NLRB Rules Employers Must Bargain Over Placement and Use of Hidden Surveillance Cameras


Further extending the concept of mandatory subjects of collective bargaining, the National Labor Relations Board ("NLRB" or "Board") held that an employer must bargain with a union over the installation and use of hidden surveillance cameras placed in an employer's place of business. In Colgate-Palmolive Company, 323 NLRB 515 (1997), the Board held that the installation and use of such hidden cameras is sufficiently "germane to the work environment and outside the scope of managerial decisions lying at the core of entrepreneurial control" as to require an employer to bargain over them.

Hidden Surveillance

Colgate-Palmolive and the union had negotiated various contracts over a twenty year collective bargaining relationship. Colgate had used surveillance cameras since 1981; some were in plain view, while others were hidden. According to the employer, the union had never requested to bargain over the placement or continued use of the cameras. Between 1990 and mid-1994, the company installed 11 new surveillance cameras, most in response to suspected employee theft and other misconduct.

In July 1994, an employee discovered a hidden camera in an air vent located in the men's restroom. Although the company promptly removed the camera, the union filed a grievance regarding the placement of surveillance cameras in the facility. The company responded that while some cameras had been placed in plain view, others had been "strategically placed in other areas in response to reasonably suspected misconduct."

The union thereafter demanded to bargain over the placement and continued use of the hidden surveillance cameras. The company refused and the union filed an unfair labor practice charge with the NLRB.
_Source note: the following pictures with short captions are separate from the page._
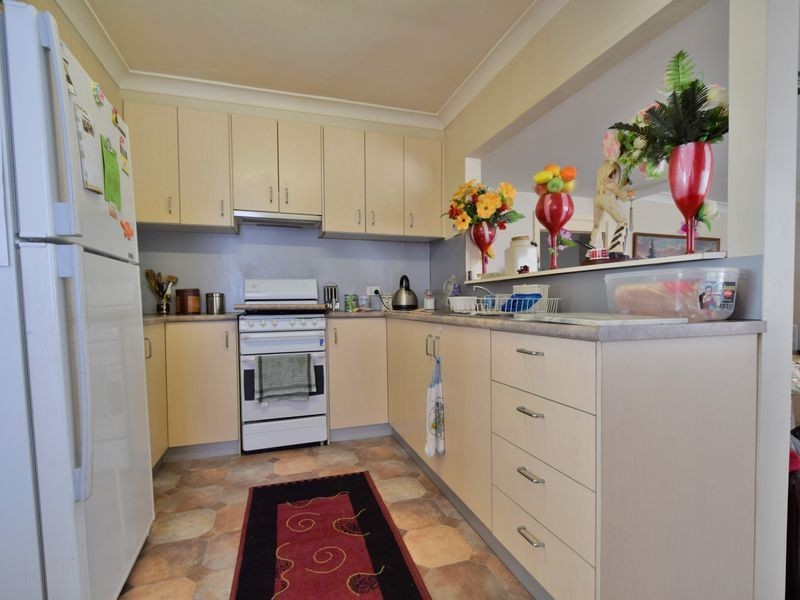 13 Bendick Street, Young NSW 2594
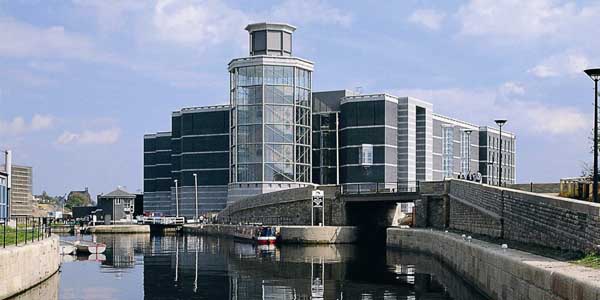 Royal Armouries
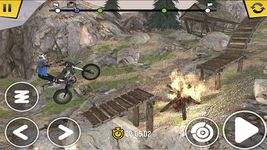 Screenshot 7 di Trial Xtreme 4 apk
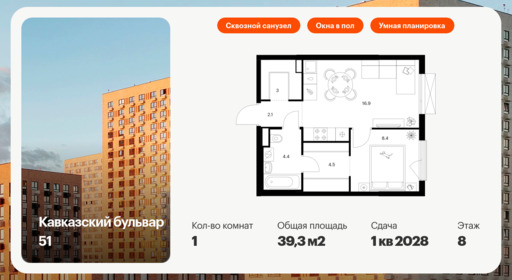 6360540.png?v=1768948687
Violation of National Labor Relations Act

In finding the company's refusal to bargain over the cameras to be a violation of Section 8(a)(5) of the National Labor Relations Act, the Board's administrative law judge paid particular attention to the length of the parties' collective bargaining relationship, holding that the installation and use of hidden surveillance cameras under such circumstances was a mandatory subject of collective bargaining to which the employer could not lawfully refuse to bargain. The Board, however, stated that the length of the relationship ultimately did not matter, in that "[e]ven if the union were newly elected to represent [the company's] employees, it would have the same bargaining rights" regarding the cameras.

Cameras Germane to Working Environment

Applying the tests from the Supreme Court's long-standing decisions in Ford Motor Co. v. NLRB and Fibreboard Paper Products Corp. v. NLRB, the Board held that the placement and use of hidden surveillance cameras are "plainly germane to the working environment" and not among those subjects which are so at the heart of management's control and discretion as to eliminate the employer's obligation to bargain. In so concluding, the Board likened the use of hidden surveillance cameras to drug and alcohol testing, polygraph testing and physical examinations, all of which the Board considers "Investigatory tools or methods" used to determine whether employees have engaged in misconduct and over which the Board has previously held that employers are obligated to bargain.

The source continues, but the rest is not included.